Even if you feel you've missed the first year and a half, it's still early. Bond yields are going to go higher for years into the future. But during these first years of rising rates, they’ll rise at a very slow pace.
ETF.com: Gold quietly rose last year despite a lot of head winds. What’s your take on the yellow metal?
Gartman: It’s important to understand that inflation is beginning to show up in the commodity markets in general. We’ve begun a multiyear rise in commodity prices.
That probably means we're going to see a multiyear rise in gold values. But just like I told you that bond yields are going to rise rather slowly during the next few years, so too will commodity prices rise rather slowly in these first years of a new bull market. It'll be a long time before we see things move parabolically higher.
ETF.com: Is that the same for oil, which has surprised many people with its rally to almost $65 for WTI and $70 for Brent?

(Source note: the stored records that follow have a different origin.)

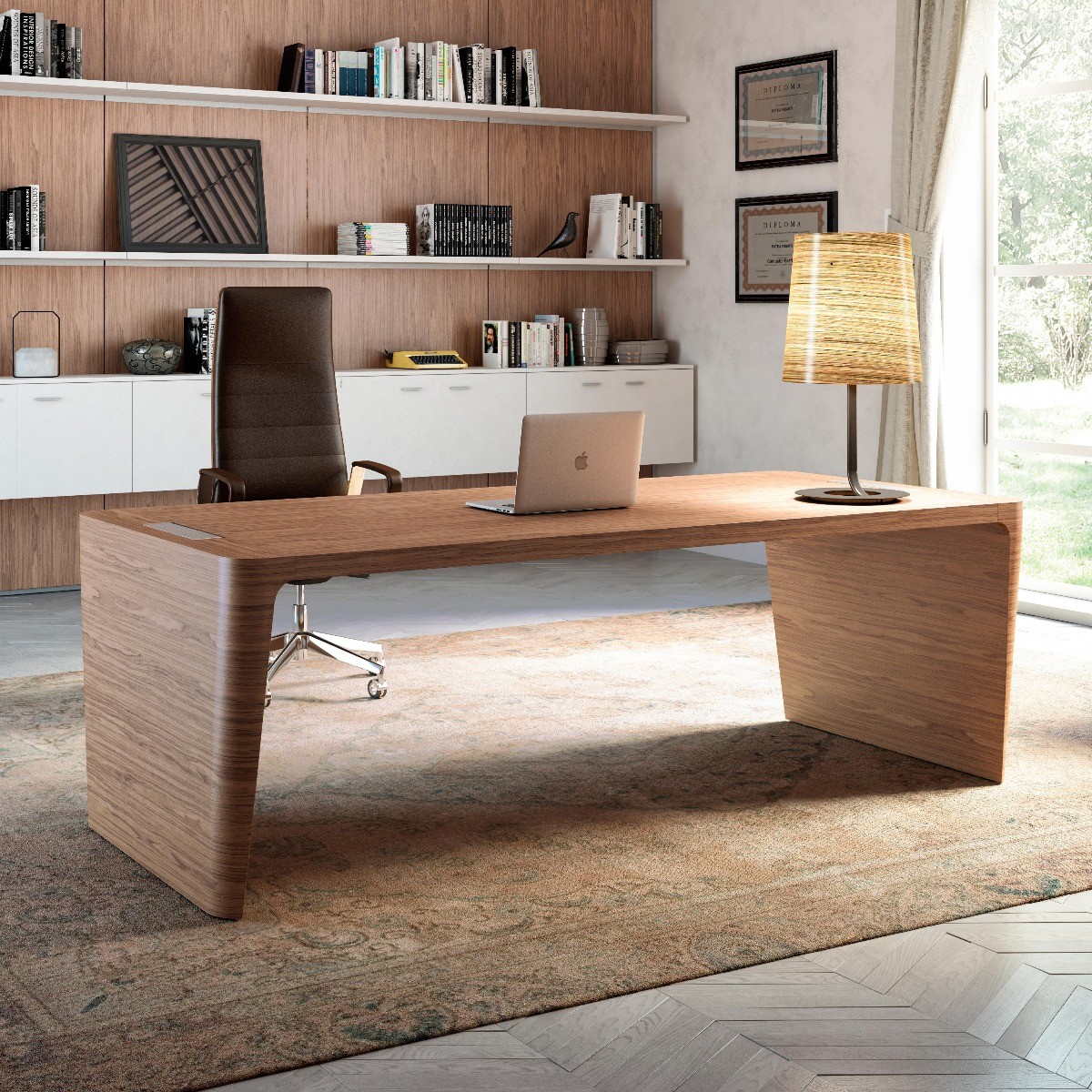 bureau de direction en bois coloris noyer X10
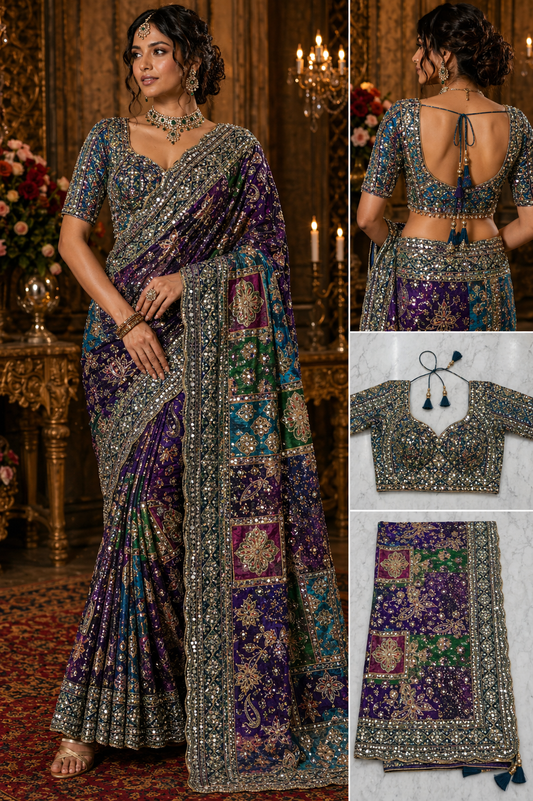 Midnight Teal Patchwork Saree with Blouse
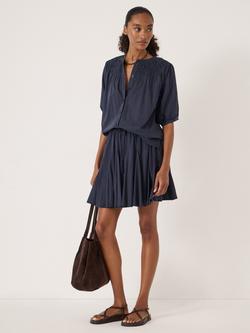 HUSH Brisa Gathered Neckline Blouse, Navy - view 2, Navy
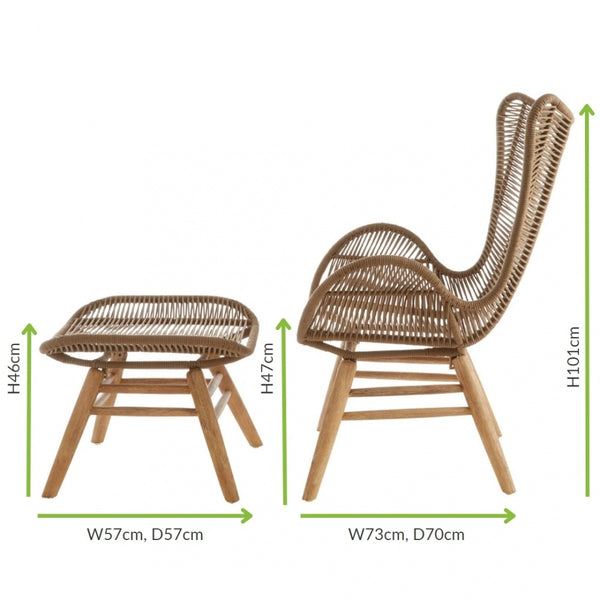 Brown Natural Rope Lounge Chair And Footstool Set With Light Wood Legs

Gartman: If you made me take a bearish position on any one commodity, it would be the crude oil market, for the simple reason that, at these prices, any fracker in almost any area—whether it's the Permian, the Bakken, the Eagle Ford, whether it's the SCOOP in Oklahoma—is making enormous sums of money.
Odds are it's going to be very difficult for crude to rally more than $2 or $3 from these levels. It’d be relatively easy for crude over the course of the next several years to fall $10 or $15.
I may be bullish of wheat. I may be bullish of cotton. I may be bullish of gold. I might be bullish of copper. I can be bullish of tin. I can be bullish of zinc. I can be bullish of livestock. I won't be bullish of the crude oil market.
ETF.com: It’s been interesting that even though we’ve had record-breaking cold across a lot of the U.S., natural gas hasn’t rallied much. Is that surprising to you?
Gartman: No, not really. There’s so much natural gas being drilled for. Think about the Marcellus shale. It's a huge shale formation that extends from West Virginia up into New York, all the way up to the St. Lawrence Seaway.
There was so much natural gas production there that, this past summer, for a protracted period of time, natural gas was selling at negative numbers.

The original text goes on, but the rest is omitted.